O’Brien’s overall Celtics record was 139-119, and the chances are good that the Celtics would have remained a respectable team if he could have reached an accommodation with Ainge.
Instead, Jim went to coach the then-troubled 76ers, where big things were expected of him. A native Philadelphian and star college player there, he hoped to better the team as he had in Boston. He brought with him Dick Harter, his trusted lieutenant and another defensive specialist. But as the season wore on, things didn’t work out. Though the squad improved by 10 games, Jim had to deal with personalities like Chris Webber, who openly questioned some of O’Brien’s moves. Philly management apparently wanted former 76ers star Maurice Cheeks to coach, but Cheeks was allegedly under contract in Portland at the time, and despite the improvement, the team went out early in the playoffs. Three weeks later, O’Brien was given his walking papers, and Cheeks was brought in.
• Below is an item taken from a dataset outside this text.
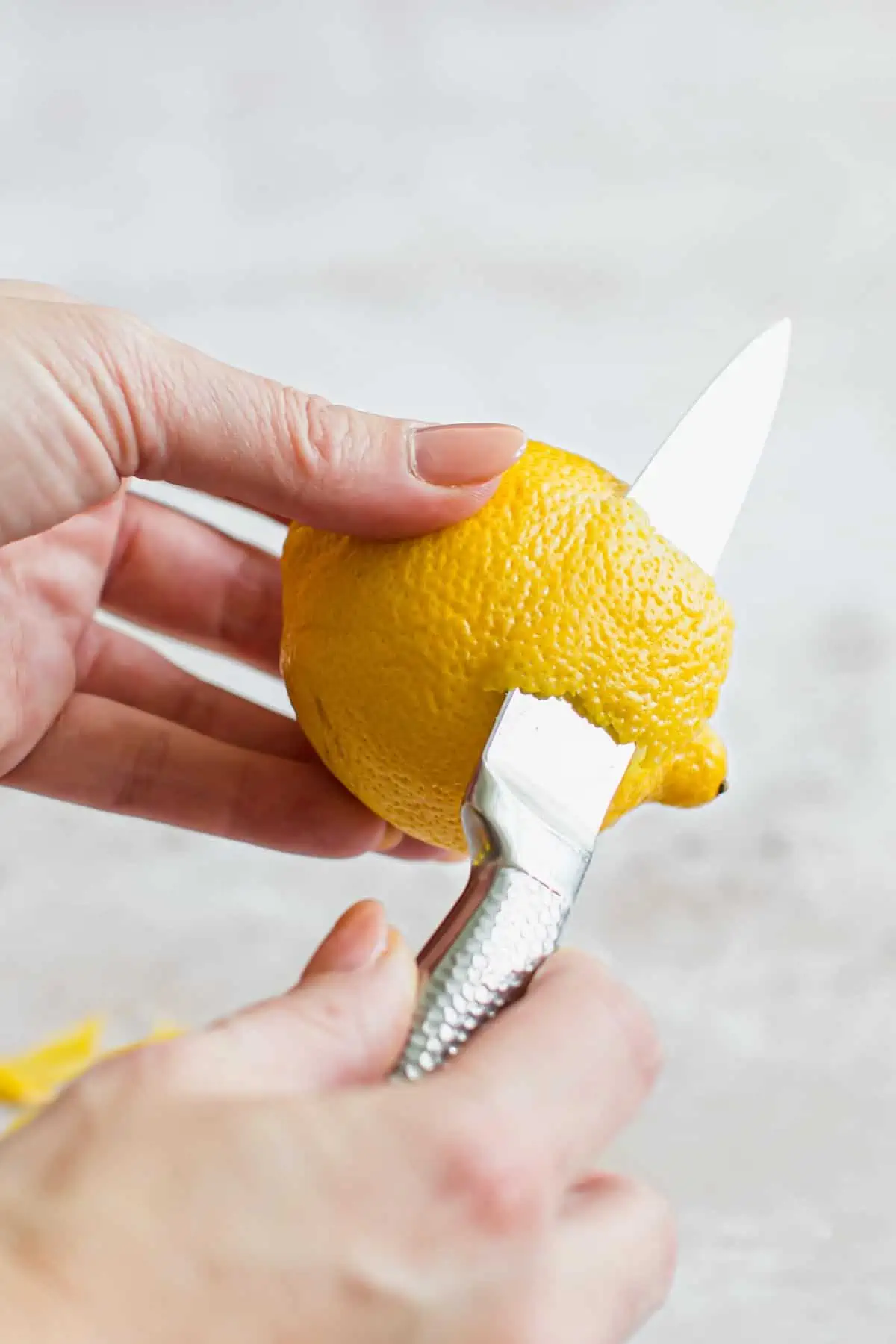 Using a knife to zest a lemon.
Meanwhile, under new Celtic coach Doc Rivers, who was hired in 2004, the Celtics were up and down for three years. A surprising first place finish in 2004-05 was followed by two tough and depressing seasons, before Rivers and Ainge hit the jackpot with Kevin Garnett, Ray Allen, and a rejuvenated Pierce last season. Ainge became Executive of the Year, and Rivers an NBA Championship coach.
Rather than being the mentor of a league champ, O’Brien is in Indiana, where he has been beset by numerous injuries and troubled players and even failed to make the playoffs last season. As longtime Celtics beat writer Mike Fine wrote earlier this year: “Jim O’Brien can’t catch a break”.
For many reasons, O’Brien is not rated today with the all-time great Celtic coaches. But if he had found a way to stay, he might be. All in all, Jim O’Brien should be remembered as the coach who first began to restore Celtic Pride.